START RECORDS SUPPLIED
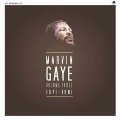 Marvin Gaye Vol.3: 1971-1981<限定盤>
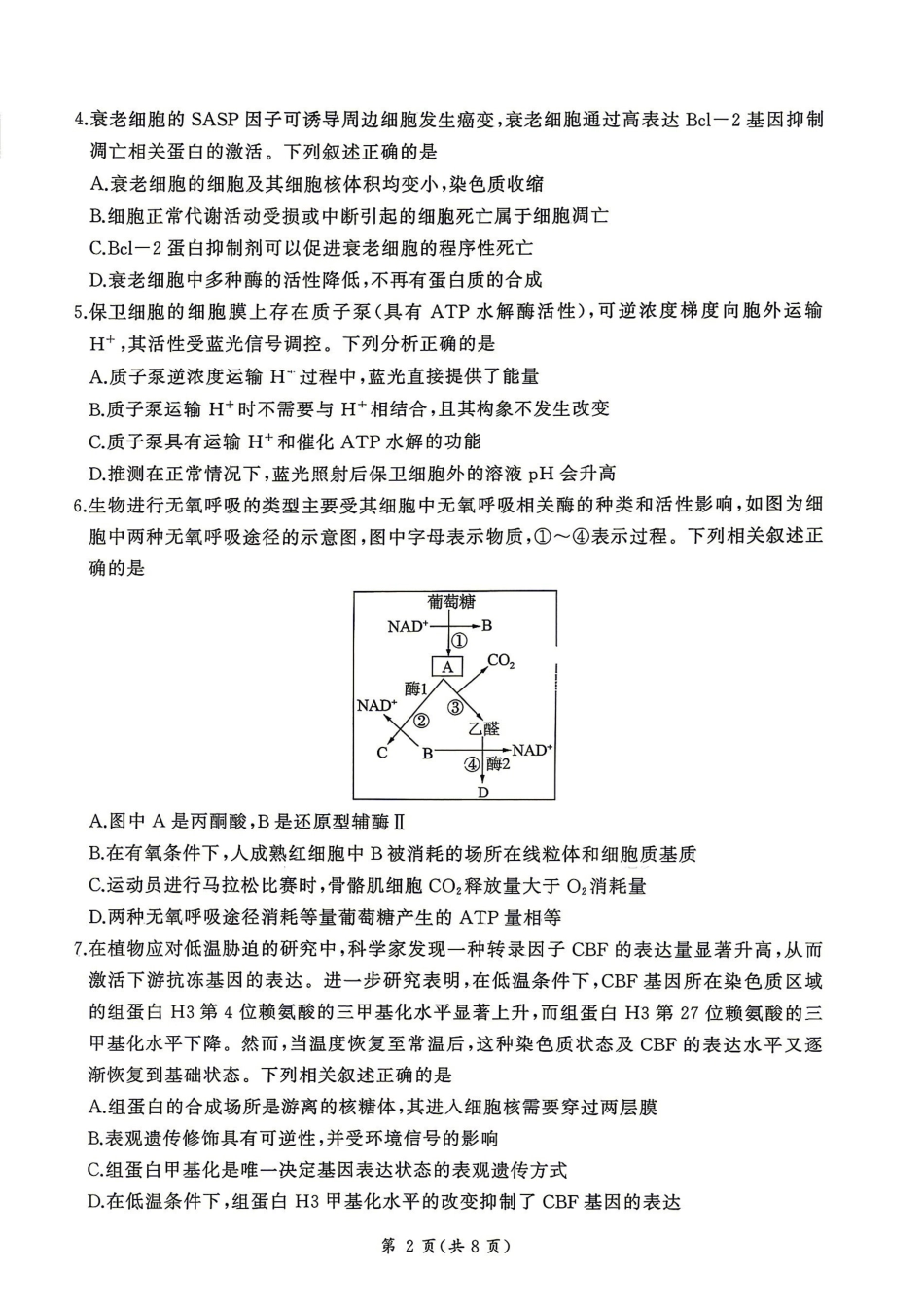 百师联盟2026届高三4月22日适应性模拟考试_生物学_副本.pdf_第2页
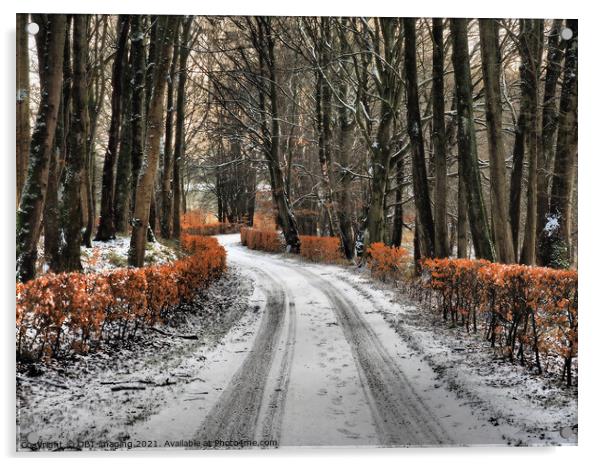 Olde Beech Hedge Drive In Winter Scotland Acrylic by OBT imaging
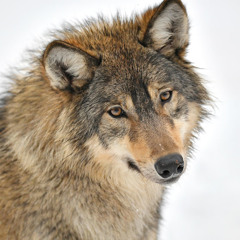 Bayu Bayushki (Russian Wolf Lullaby)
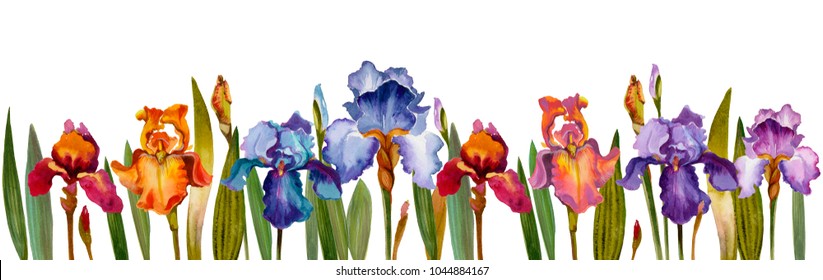 Irises red, purple, yellow and blue isolated on white.  Watercolor iris flowers on white.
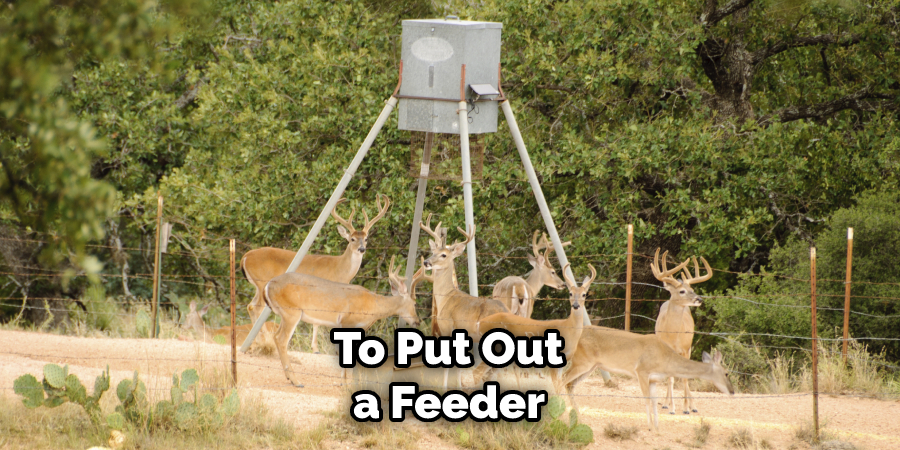 To Put Out a Feeder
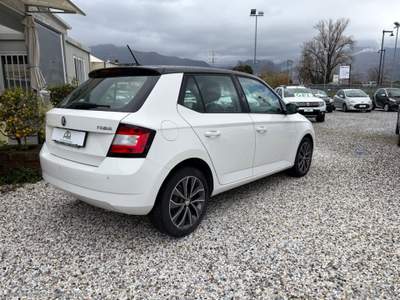 Skoda Fabia Fabia 1.0 MPI 75 CV Executive Bianco usata Massa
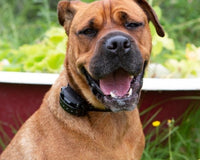 Large Brown Dog Wearing Training Collar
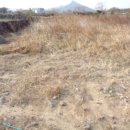 사계초등학교 이미지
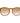 Bolle Brown Plastic Sunglasses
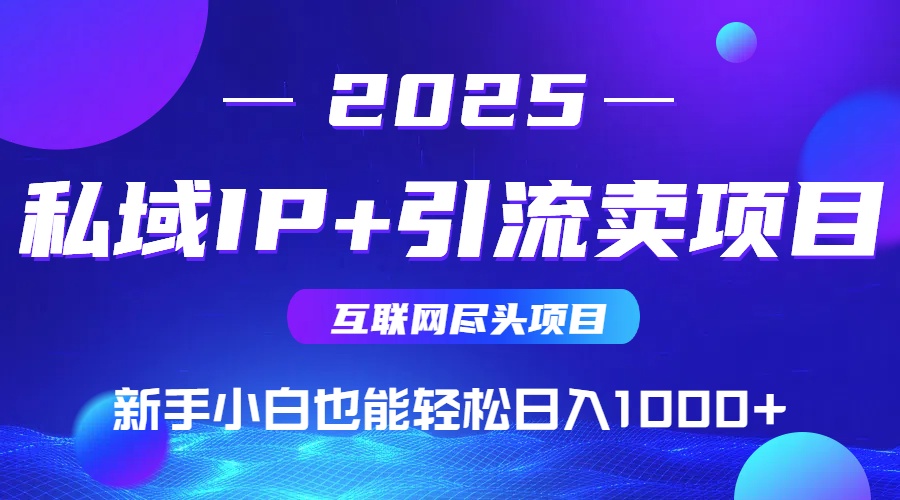 2025网创尽头项目，私域IP+引流，新手小白也能在家日入1000+-清风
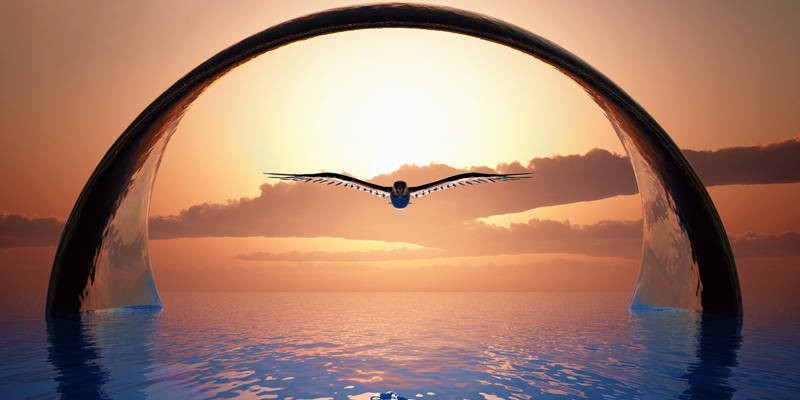 Soaring on wings of science and spirituality 800x400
END RECORDS SUPPLIED
**EXERCISE REQUIREMENTS**
Exclude all pictures and reproduce verbatim the lines running from the line that contains "百师联盟2026届高三4月22日适应性模拟考试_生物学_副本.pdf_第2页" to the end of the data above, both ends included.

**SOLVED EXERCISE**
 百师联盟2026届高三4月22日适应性模拟考试_生物学_副本.pdf_第2页
 Olde Beech Hedge Drive In Winter Scotland Acrylic by OBT imaging
 Bayu Bayushki (Russian Wolf Lullaby)
 Irises red, purple, yellow and blue isolated on white.  Watercolor iris flowers on white.
 To Put Out a Feeder
 Skoda Fabia Fabia 1.0 MPI 75 CV Executive Bianco usata Massa
 Large Brown Dog Wearing Training Collar
 사계초등학교 이미지
 Bolle Brown Plastic Sunglasses
 2025网创尽头项目，私域IP+引流，新手小白也能在家日入1000+-清风
 Soaring on wings of science and spirituality 800x400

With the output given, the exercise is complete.